On the hardware side, the designers must be able to answer the following questions:

  • What is the Optimal compute array size?
  • Best memory hierarchy?
  • Reconfigurability needs?
  • An Analog or Digital implementation? A combination of both?

On the algorithm side, the questions that will need to be answered are:

  • What is the best quantization ratio?
  • Is a mixed quantization scheme necessary?
  • How to cope with devices variability in the case of an analog implementation?

In the ANDANTE project, a lot of effort was devoted to tool suites. Nineteen tools were developed to train and optimize both classical encoding (ANN) and spike encoding (SNN) neural networks; to map these networks to different hardware accelerators; to generate RTL code and mixed-signal IPs, necessary compilers, etc. Eleven of those tools were made available to the community in Open Source.

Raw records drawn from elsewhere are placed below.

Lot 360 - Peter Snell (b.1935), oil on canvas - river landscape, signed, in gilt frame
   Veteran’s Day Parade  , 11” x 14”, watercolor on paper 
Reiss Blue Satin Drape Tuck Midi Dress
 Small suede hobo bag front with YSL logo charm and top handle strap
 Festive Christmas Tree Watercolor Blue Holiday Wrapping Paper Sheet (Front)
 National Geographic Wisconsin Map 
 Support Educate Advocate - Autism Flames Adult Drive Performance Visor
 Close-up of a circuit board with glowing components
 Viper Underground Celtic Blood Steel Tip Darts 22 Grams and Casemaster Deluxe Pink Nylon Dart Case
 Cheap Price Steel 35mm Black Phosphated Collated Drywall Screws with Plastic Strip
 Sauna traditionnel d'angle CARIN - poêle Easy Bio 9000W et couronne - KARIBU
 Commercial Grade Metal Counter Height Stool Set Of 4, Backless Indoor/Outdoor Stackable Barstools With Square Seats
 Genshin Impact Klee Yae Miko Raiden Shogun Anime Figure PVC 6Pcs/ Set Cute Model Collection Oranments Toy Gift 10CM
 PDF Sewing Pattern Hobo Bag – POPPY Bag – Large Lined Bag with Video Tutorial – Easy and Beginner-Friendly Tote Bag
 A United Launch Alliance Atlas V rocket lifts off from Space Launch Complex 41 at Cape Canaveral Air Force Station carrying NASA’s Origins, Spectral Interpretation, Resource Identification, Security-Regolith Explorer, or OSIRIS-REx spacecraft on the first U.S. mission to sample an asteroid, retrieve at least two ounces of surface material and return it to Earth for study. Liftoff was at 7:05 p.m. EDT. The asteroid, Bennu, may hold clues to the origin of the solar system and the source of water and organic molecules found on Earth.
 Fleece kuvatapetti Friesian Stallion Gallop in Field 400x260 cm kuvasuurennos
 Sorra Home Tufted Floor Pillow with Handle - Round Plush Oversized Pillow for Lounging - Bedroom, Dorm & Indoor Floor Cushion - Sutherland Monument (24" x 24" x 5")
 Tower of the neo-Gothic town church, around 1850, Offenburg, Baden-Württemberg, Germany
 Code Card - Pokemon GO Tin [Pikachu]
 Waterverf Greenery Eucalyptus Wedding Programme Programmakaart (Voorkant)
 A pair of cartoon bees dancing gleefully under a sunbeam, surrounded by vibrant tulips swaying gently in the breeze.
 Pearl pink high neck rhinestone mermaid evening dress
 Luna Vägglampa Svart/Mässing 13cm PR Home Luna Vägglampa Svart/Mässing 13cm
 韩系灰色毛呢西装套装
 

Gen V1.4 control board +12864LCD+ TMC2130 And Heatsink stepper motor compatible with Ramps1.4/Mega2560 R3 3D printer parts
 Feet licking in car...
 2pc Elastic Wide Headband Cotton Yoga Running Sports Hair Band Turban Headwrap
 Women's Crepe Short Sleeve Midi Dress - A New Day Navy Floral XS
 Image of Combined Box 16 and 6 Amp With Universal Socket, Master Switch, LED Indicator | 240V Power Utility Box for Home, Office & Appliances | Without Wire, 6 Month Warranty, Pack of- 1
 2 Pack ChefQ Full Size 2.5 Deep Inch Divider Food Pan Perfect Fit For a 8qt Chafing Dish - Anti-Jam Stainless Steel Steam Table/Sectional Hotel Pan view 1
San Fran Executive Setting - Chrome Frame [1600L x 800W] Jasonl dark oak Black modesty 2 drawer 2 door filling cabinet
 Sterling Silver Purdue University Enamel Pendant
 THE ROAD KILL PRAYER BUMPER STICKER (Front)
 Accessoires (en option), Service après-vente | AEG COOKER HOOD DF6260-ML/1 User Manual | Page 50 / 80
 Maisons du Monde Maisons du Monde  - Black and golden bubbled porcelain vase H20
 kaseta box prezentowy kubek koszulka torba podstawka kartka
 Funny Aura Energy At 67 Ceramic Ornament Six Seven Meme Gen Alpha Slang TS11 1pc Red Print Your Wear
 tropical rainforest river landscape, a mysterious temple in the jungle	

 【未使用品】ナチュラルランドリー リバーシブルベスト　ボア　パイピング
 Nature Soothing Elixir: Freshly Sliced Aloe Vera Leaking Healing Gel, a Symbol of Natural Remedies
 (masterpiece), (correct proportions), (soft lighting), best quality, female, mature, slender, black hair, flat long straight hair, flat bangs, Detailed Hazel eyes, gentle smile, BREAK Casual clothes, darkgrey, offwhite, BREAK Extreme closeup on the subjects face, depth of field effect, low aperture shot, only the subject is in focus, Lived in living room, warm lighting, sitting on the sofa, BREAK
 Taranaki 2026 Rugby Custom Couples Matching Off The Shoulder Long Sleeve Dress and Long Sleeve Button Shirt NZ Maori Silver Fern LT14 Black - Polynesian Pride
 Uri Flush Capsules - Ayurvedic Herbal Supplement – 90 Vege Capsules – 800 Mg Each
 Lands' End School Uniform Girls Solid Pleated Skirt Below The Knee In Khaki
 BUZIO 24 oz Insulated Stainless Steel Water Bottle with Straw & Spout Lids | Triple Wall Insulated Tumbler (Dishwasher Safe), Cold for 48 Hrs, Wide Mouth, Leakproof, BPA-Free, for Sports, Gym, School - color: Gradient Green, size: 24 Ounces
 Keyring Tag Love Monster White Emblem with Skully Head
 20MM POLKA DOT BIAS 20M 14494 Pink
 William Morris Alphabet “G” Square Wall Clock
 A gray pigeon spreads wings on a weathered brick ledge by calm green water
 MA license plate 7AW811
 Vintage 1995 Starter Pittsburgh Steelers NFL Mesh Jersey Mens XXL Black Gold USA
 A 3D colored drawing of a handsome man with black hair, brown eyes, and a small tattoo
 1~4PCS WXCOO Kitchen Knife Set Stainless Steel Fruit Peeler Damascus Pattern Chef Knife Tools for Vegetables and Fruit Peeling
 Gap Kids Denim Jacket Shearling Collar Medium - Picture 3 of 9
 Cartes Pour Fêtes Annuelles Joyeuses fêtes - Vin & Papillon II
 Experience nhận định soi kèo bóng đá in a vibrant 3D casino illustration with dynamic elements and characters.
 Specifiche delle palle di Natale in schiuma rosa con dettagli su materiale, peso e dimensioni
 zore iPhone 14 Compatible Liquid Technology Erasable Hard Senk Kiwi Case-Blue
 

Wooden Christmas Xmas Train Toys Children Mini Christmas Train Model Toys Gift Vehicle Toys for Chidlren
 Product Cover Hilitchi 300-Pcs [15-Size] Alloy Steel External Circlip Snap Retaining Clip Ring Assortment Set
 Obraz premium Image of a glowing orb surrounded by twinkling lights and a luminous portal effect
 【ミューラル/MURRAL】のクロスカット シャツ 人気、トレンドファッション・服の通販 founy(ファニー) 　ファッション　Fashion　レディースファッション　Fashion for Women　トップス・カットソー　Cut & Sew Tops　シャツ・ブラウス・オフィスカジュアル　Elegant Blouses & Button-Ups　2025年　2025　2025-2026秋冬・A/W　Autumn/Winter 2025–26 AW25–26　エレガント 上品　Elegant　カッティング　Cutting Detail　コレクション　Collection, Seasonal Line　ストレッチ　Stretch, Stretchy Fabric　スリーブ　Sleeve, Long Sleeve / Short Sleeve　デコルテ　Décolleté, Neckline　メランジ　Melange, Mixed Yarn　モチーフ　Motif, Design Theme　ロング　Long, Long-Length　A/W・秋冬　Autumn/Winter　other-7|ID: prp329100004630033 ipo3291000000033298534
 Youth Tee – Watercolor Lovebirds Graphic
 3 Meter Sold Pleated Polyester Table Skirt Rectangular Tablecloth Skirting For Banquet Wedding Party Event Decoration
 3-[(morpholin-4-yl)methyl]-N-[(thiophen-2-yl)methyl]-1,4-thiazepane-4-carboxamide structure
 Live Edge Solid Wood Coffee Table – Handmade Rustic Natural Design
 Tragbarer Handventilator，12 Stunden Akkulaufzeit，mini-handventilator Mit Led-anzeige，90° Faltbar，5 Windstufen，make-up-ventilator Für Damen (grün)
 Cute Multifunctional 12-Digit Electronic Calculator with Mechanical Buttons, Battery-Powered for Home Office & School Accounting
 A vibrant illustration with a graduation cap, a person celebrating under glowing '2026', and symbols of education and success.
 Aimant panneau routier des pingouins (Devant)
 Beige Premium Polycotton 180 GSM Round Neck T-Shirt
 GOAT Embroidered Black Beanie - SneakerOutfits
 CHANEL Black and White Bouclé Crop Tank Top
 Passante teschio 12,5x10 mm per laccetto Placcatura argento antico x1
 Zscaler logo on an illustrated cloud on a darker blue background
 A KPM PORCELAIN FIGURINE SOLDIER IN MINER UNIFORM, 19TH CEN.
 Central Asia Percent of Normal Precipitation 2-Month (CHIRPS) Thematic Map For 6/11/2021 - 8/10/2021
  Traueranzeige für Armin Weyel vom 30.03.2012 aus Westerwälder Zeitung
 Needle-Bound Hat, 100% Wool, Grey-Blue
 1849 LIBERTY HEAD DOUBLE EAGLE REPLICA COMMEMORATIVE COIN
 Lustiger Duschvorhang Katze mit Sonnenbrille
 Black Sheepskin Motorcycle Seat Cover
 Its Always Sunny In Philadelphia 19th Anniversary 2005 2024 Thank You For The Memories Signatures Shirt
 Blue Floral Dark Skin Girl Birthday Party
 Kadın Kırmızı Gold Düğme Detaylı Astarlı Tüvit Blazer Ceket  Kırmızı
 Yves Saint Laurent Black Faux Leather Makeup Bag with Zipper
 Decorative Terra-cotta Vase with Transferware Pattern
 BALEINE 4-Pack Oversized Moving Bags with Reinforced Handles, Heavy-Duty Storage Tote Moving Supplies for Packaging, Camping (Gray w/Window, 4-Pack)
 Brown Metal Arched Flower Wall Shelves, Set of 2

These tools played a key role in the design of hardware accelerators during the project, with several first silicon successes. They were also essential to correctly map applications algorithms onto these accelerators.

Workflow for embedded Neural Networks

AI Building Blocks

When running AI applications at the edge, the number one priority is to reduce power consumption. In integrated circuits, the main source of energy used is the movement of data and not calculations: the further away the data is, the higher the energy cost. This is why this project focused on exploiting new integrated non-volatile memories (NVM), to store all the parameters of neural networks on a chip, thus eliminating the need for external memories.

These embedded NVMs can be used either as traditional storage devices, or as computational memories. In the first case, the design of memory macros would be classic, using single-valued binary-cells (bitcells). In the latter case, bitcells with multiple-valued or continuous-valued would be used, for ensuring analog multiplications.

But, in both cases, dedicated IP blocks must be designed to program and read these bitcells. For instance, the reading mechanism of a ferroelectric memory cell (such as the FeRAM technology) is different from a resistive memory cell (such as the OxRAM or PCRAM technologies).

Other technological building blocks have been developed, particularly in the field of mixed signal: neurons, buffers, analog-to-digital converters, digital-to-analog converters, etc.

Analog in memory compute (ACiM): mapping a DNN layer to analog matrix-vector-multiply (MVM). The matrix-vector product is calculated in the analog domain using Ohm’s and Kirchhoff’s law, where each weight is encoded by a differential conductance pair.